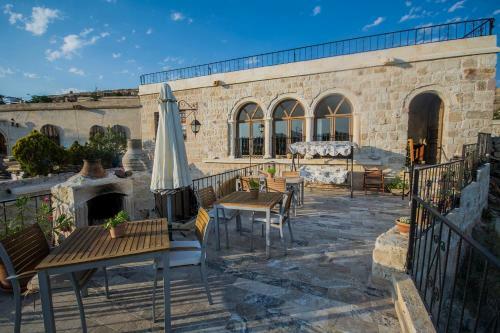 Posada Assiana Cave Hotel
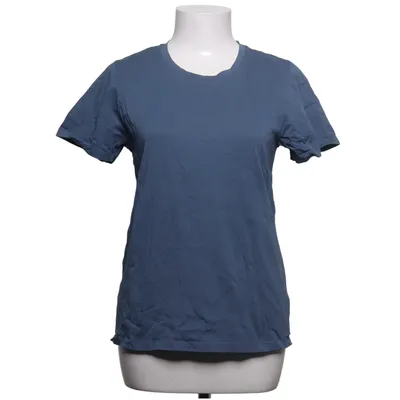 T-shirt (Blå) från Uniqlo Bomull
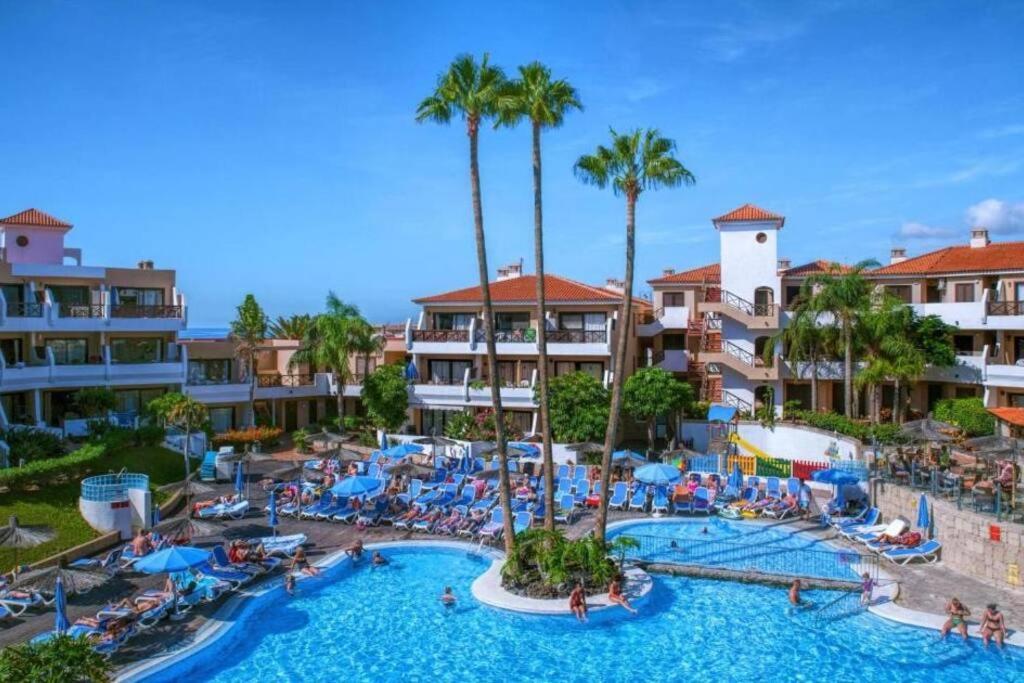 Penthouse In Golf Del Sur 2 San Miguel de Abona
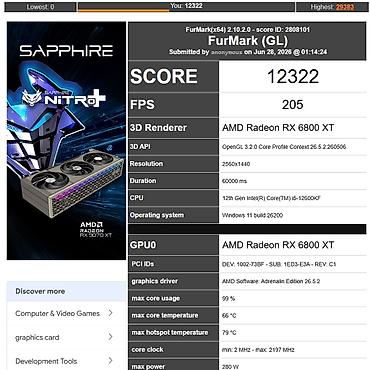 i5 12600kf: Компьютер, ядер - 10, ОЗУ 32 ГБ, Для работы, учебы, Новый, Intel Core i5, AMD Radeon RX 6800 XT, NVMe — 7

=====

:: HOW TO COMPLETE THIS TASK ::
Pictures excluded, copy exactly the lines running from the one with "Penthouse In Golf" through the last line of the material.

:: COMPLETED TASK ::
 Penthouse In Golf Del Sur 2 San Miguel de Abona
 i5 12600kf: Компьютер, ядер - 10, ОЗУ 32 ГБ, Для работы, учебы, Новый, Intel Core i5, AMD Radeon RX 6800 XT, NVMe — 7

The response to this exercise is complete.